Check Job/Queue Status
A simple tool is scontrol show job jobid
Go to our SLURM Status Commands for more commands that give you helpful information about your ongoing jobs.
Submit a Job
Submit a job script to the SLURM scheduler with
sbatch script
Interactive Session
An interactive SLURM session i.e. a shell prompt within a running job can be started with
srun <resources> --pty bash -i
For example, a single node 2 CPU core job with 2gb of RAM for 90 minutes can be started with
srun --ntasks=1 --cpus-per-task=2 --mem=2gb -t 90 --pty bash -i
Canceling Jobs
scancel jobID
or, for cancelling multiple jobs with names that follow a wildcard pattern
scancel pattern
Using sreport to view group summaries
The basic command is report. The full documentation for sreport is available on the SLURM web page, but we hope these examples are useful as they are and as templates for further customization.
To view a summary of group usage since a given date (May 1st in this example):
sreport cluster AccountUtilizationByUser Start=0501 Accounts=group_name
with a starting date and output formatting plus parsable output to paste into a spreadsheet: sreport -p cluster AccountUtilizationByUser Format=Login%20,Proper%30,Used Start=MMDD Accounts=GROUP
Or for a particular month (the month of May):
sreport cluster AccountUtilizationByUser Start=0501 End=0531 Accounts=group_name
Or for more information
sreport -t Hours cluster AccountUtilizationByUser Start=2022-01-01T00:00:00 End=2022-01-31T23:59:59 Accounts=group_name
Viewing Resources Available to a Group
To check the resources available to a group for running jobs, you can use the sacctmgr command (substitute the group_name with your group)
sacctmgr show qos group_name format="Name%-16,GrpSubmit,MaxWall,GrpTres%-45"
or for the burst allocation:
sacctmgr show qos group_name-b format="Name%-16,GrpSubmit,MaxWall,GrpTres%-45"
Using sinfo to view partition information and node features
sinfo is one command that users can use to learn about the resources managed by SLURM. sinfo provides information on the configuration of partitions and the details of nodes within each partition. Using sinfo, users can view the features attributed to the nodes, and then use those features as constraints when submitting jobs to, for example, request only nodes with Intel processors.
sinfo -s
Provides a summary of the partitions and the nodes within each, including the numbers of nodes that are Allocated, Idle, Offiline, and Total.

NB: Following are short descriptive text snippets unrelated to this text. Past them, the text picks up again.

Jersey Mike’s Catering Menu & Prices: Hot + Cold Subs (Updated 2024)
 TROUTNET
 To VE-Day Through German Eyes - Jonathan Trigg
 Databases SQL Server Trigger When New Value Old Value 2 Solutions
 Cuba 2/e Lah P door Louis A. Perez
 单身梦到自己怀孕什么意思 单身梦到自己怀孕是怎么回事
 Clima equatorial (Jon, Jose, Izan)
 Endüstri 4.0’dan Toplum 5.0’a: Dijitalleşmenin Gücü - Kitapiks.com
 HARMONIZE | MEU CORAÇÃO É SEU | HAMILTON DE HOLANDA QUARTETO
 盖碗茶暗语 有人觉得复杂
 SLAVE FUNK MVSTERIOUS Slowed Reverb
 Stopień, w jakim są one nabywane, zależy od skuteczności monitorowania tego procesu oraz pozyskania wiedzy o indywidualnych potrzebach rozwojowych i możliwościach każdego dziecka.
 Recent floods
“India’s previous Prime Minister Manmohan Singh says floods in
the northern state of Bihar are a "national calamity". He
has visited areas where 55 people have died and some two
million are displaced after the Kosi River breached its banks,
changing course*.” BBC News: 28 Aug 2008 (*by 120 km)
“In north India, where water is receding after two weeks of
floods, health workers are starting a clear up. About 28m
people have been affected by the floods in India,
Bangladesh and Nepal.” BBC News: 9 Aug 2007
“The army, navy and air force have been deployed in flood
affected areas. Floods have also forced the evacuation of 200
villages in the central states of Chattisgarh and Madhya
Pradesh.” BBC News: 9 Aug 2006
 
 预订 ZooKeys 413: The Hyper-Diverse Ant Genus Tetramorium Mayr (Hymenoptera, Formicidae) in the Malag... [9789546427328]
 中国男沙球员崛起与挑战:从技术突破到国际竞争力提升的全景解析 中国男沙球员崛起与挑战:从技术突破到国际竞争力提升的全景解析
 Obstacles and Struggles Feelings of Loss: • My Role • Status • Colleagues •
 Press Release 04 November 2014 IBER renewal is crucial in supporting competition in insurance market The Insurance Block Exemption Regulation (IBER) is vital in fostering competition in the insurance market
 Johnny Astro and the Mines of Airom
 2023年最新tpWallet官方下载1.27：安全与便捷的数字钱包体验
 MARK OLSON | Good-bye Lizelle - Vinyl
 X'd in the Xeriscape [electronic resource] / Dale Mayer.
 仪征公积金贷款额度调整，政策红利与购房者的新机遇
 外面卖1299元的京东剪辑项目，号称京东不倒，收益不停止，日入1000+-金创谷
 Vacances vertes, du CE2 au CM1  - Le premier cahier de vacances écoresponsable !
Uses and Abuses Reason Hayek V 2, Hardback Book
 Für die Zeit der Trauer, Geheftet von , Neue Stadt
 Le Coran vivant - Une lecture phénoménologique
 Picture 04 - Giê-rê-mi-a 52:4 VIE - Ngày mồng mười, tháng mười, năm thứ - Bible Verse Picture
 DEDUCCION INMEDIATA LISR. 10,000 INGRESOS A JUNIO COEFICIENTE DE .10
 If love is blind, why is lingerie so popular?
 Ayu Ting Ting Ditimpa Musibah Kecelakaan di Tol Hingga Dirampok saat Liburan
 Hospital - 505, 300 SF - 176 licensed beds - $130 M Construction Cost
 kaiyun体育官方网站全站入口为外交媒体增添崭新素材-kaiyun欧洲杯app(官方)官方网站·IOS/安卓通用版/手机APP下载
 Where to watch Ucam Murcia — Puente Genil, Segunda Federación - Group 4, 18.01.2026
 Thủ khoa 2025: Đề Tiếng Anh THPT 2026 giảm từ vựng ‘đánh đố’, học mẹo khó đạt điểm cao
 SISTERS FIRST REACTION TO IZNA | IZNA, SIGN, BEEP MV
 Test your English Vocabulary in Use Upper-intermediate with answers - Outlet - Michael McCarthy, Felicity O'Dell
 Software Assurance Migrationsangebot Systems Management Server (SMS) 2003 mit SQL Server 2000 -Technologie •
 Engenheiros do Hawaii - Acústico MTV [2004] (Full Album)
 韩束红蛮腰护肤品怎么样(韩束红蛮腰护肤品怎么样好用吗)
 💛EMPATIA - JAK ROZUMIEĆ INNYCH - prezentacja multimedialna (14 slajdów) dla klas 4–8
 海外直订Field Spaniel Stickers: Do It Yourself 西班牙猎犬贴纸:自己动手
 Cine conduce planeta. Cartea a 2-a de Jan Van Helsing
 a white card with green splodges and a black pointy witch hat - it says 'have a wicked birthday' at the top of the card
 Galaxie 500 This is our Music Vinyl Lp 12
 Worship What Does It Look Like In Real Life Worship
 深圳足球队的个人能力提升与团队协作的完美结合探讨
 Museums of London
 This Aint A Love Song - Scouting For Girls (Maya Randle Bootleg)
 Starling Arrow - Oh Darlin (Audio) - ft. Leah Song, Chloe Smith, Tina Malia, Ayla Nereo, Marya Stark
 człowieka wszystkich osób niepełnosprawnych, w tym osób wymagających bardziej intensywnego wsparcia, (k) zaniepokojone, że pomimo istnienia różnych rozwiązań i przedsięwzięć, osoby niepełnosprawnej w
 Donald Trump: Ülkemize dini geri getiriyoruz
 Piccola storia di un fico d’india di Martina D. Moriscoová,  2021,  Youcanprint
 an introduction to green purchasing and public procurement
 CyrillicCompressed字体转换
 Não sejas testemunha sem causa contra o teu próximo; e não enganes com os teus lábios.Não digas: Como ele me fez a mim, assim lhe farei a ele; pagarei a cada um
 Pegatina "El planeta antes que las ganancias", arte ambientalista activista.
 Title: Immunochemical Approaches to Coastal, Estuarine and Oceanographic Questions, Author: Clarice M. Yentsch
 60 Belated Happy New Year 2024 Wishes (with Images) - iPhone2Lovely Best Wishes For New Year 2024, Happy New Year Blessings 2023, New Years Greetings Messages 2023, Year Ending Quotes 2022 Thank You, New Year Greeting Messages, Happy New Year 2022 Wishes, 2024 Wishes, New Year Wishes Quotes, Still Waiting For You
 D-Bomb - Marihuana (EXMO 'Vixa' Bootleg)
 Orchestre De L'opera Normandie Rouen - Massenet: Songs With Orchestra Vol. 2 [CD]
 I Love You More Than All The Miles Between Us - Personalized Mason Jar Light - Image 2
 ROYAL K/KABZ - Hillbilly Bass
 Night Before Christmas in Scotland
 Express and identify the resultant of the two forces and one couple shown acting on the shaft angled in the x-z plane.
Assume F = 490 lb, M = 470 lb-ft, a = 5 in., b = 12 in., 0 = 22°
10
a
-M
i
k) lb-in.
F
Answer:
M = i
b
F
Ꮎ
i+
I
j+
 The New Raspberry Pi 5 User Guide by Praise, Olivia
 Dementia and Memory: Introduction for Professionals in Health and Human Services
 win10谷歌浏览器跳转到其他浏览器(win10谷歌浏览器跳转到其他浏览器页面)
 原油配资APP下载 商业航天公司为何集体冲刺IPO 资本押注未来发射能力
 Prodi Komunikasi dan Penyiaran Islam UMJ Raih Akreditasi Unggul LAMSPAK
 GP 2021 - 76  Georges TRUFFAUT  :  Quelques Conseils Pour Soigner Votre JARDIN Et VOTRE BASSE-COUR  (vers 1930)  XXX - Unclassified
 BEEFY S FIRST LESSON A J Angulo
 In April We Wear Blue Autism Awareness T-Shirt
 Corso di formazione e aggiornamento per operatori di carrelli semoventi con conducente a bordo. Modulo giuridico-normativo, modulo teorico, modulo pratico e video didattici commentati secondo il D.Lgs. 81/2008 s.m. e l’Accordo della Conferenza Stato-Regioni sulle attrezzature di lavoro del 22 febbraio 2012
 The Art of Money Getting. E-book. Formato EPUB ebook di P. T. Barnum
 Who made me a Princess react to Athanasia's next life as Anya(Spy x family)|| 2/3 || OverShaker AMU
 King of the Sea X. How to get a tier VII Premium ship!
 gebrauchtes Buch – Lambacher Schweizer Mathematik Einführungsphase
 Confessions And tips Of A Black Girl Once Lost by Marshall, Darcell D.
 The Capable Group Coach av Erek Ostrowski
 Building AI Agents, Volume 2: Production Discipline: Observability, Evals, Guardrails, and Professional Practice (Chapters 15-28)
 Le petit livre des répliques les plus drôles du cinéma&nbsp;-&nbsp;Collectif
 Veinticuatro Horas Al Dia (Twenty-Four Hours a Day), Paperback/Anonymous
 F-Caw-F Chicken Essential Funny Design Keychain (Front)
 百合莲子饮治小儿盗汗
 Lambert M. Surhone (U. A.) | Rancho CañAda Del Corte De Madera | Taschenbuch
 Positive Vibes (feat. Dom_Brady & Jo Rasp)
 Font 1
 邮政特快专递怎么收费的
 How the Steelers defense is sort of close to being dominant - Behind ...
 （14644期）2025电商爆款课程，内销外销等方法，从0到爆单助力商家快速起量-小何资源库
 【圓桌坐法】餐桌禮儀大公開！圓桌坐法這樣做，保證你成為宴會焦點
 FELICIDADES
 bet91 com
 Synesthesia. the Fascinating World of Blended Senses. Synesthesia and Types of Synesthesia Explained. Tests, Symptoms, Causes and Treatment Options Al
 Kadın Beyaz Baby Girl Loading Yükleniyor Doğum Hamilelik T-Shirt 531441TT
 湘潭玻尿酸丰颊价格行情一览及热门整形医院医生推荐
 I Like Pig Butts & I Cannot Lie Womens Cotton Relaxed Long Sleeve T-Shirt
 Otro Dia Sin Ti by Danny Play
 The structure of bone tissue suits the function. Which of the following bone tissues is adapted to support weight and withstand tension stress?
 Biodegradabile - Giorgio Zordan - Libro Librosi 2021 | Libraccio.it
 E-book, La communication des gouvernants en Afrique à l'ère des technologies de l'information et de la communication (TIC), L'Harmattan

sinfo -o %P,%D,%c,%X,%m,%f
or
module load ufrc nodeInfo
Shows the partitions, number of nodes, number of cores per node, number of sockets per node, amount of RAM per node, and the features associated with the nodes. These features can be used to request constraints in sbatch. For example:
#SBATCH --partition=hpg2-compute #SBATCH --constraint='hgp2'
Would constrain a job to run on one of the 32-core AMD nodes from HiPerGator 2.
While constraints can be used to target particular resources, users should realize that using constraints also limits where a job can run and may delay scheduling a job.
Get stored historic job script and environmental variables
In SLURM v22 and up versions, job script and environmental variables are automatically stored and indexed in the databases and can be recalled conveniently:
sacct --batch -j <JOB_ID>
The above command outputs the job script used by the historic job <JOB_ID> to the standard output.
Recall environmental variables of a historic job <JOB_ID>:
sacct --env-vars -j <JOB_ID>
The above command outputs the environmental variables used by a historic job <JOB_ID> to the standard output.